2) Then find that ruin’s name.
I mean, it wasn’t always called “The Ruin”. For example, that wreck of a place around the corner from my East Yorkshire home was called Trinity House (which is why, when it was razed a few years later and turned into a housing development, the street that replaced it is called Trinity Road, and the surrounding area the Trinity Fields residential estate). Knowing that name makes me want to learn more. Why “Trinity”? Who lived there? Who owned it when it was in ruins? And so on.
Find it. Learn its name. And then see if you want to dig deeper.
That’s your job in WTF-Week.
Highly Recommended Bonus
Read Katherine May’s Wintering. (Click here for the details.) It’s lovely and smart and calming and might be just what you need during
the festive perineum Witching Week. Let it work its reassuring magic upon you and let your brow unfurrow. It’s exactly that kind of book.
I’ll be back with something for paid subscribers in a few days - and again with something for everyone before the New Year. Until then, stay warm if it’s cold, stay cool if it’s hot, keep safe and thanks for reading!
Images: Paul Green; Rodion Kutsaiev; Andy Holmes; Katherine May; Anna Brones; Mike Sowden.
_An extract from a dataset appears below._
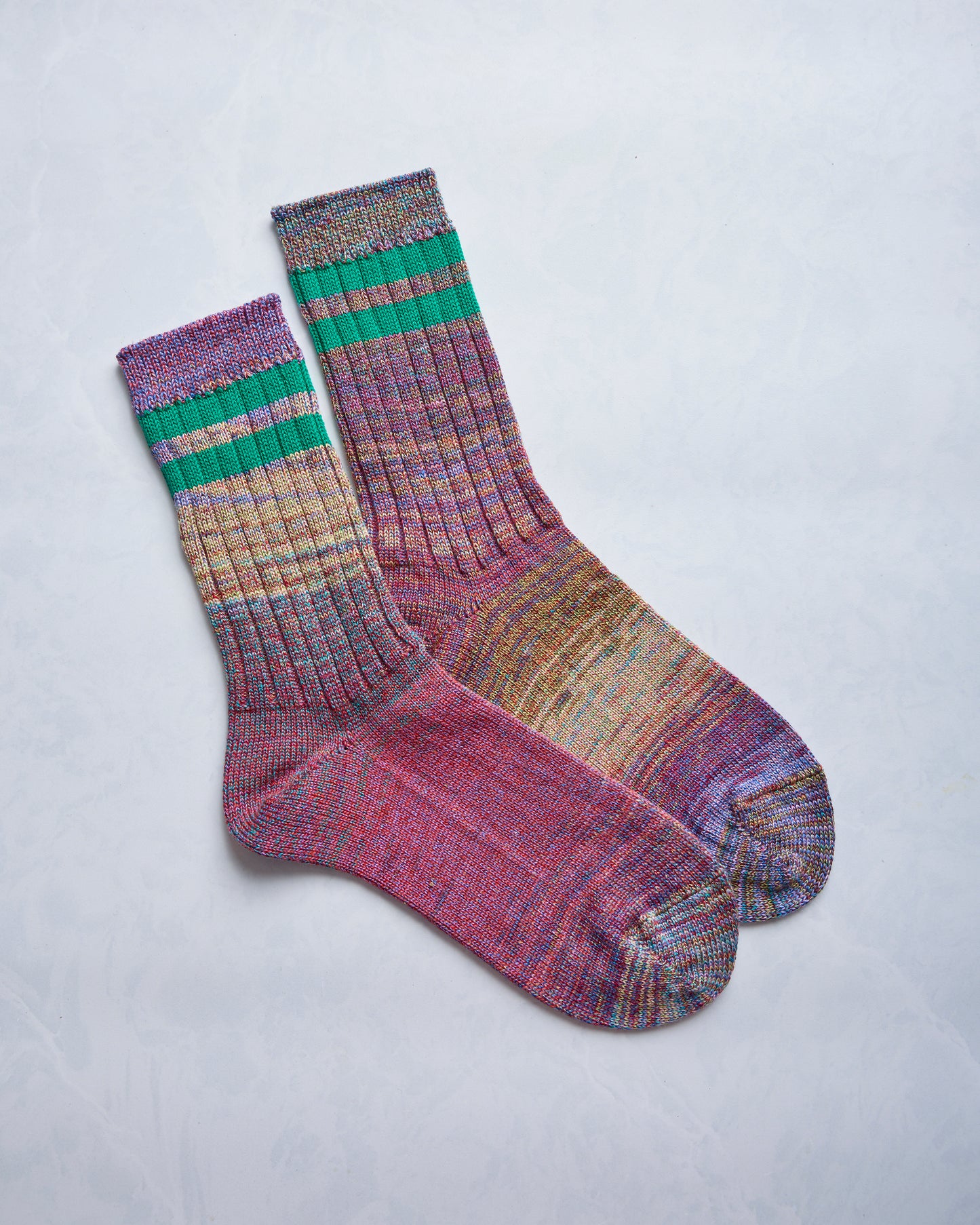 Emerald - Cosmic Space Dye Varsity Crew - Printfresh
Hot tip for that 'teach someone' exercise- make the explanation intelligible to a five year old. You really have to understand something well, to get it boiled down enough for a simple explanation. I just heard/read that somewhere. (I started Witching Week early- brainfog set in days ago!)
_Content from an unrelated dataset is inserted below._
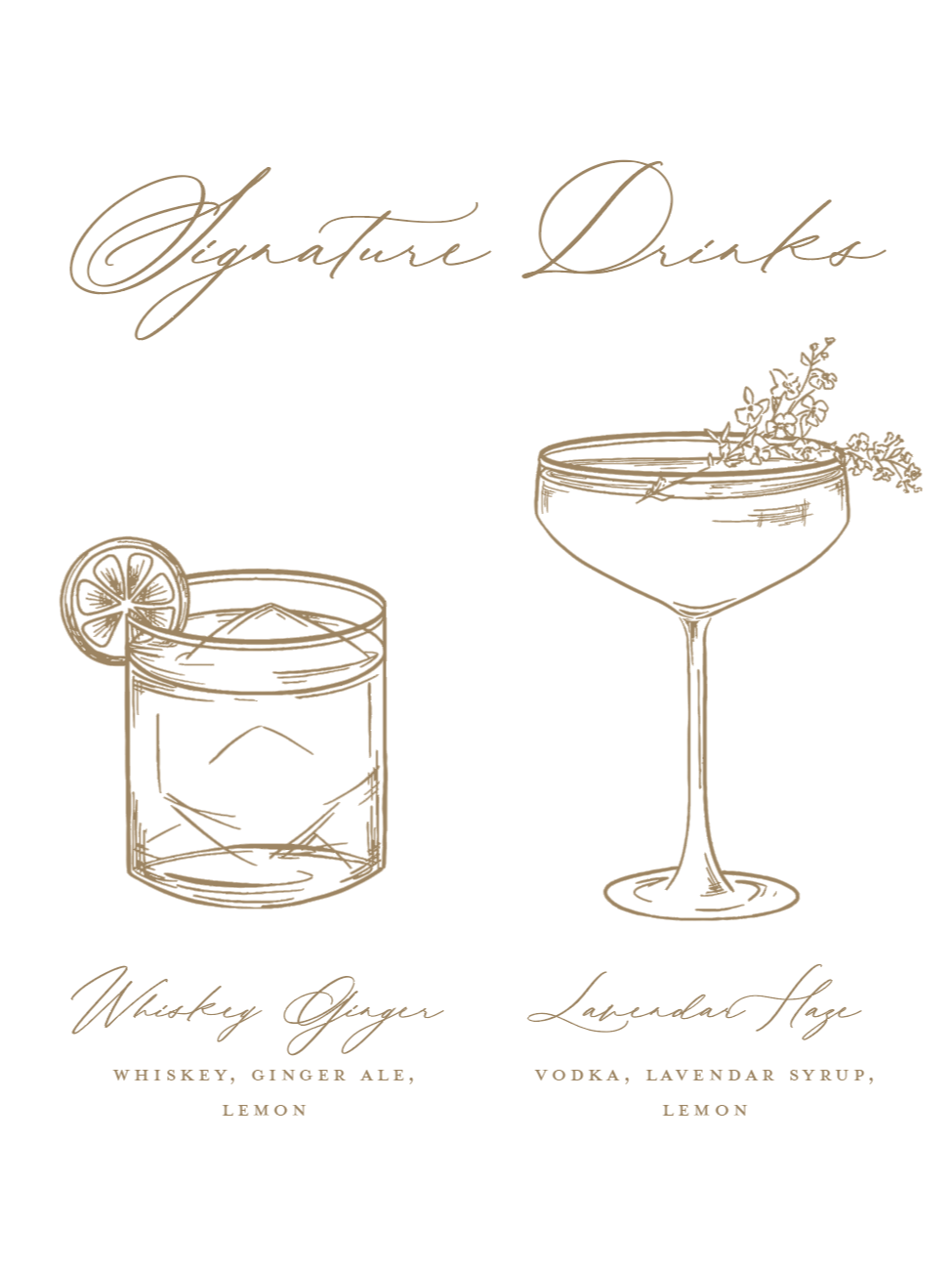 Cocktail Menu Sign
Thanks for the outdoor coffee idea, too. Although, with some group-Covid habits still in place, I might skip the whole shivering coffee routine for my own morning till Spring. -20 F windchill here)
What an awesome read, thank you!! I've learned that the days between Christmas and January 6th are known as the Celtic Omen Days. Definitely liminal space. A year neither ended nor begun. Noticing Nature, one day for each month of the new year. Noticing the omens around us, ending with Twelfth Night, or the world turned upside down.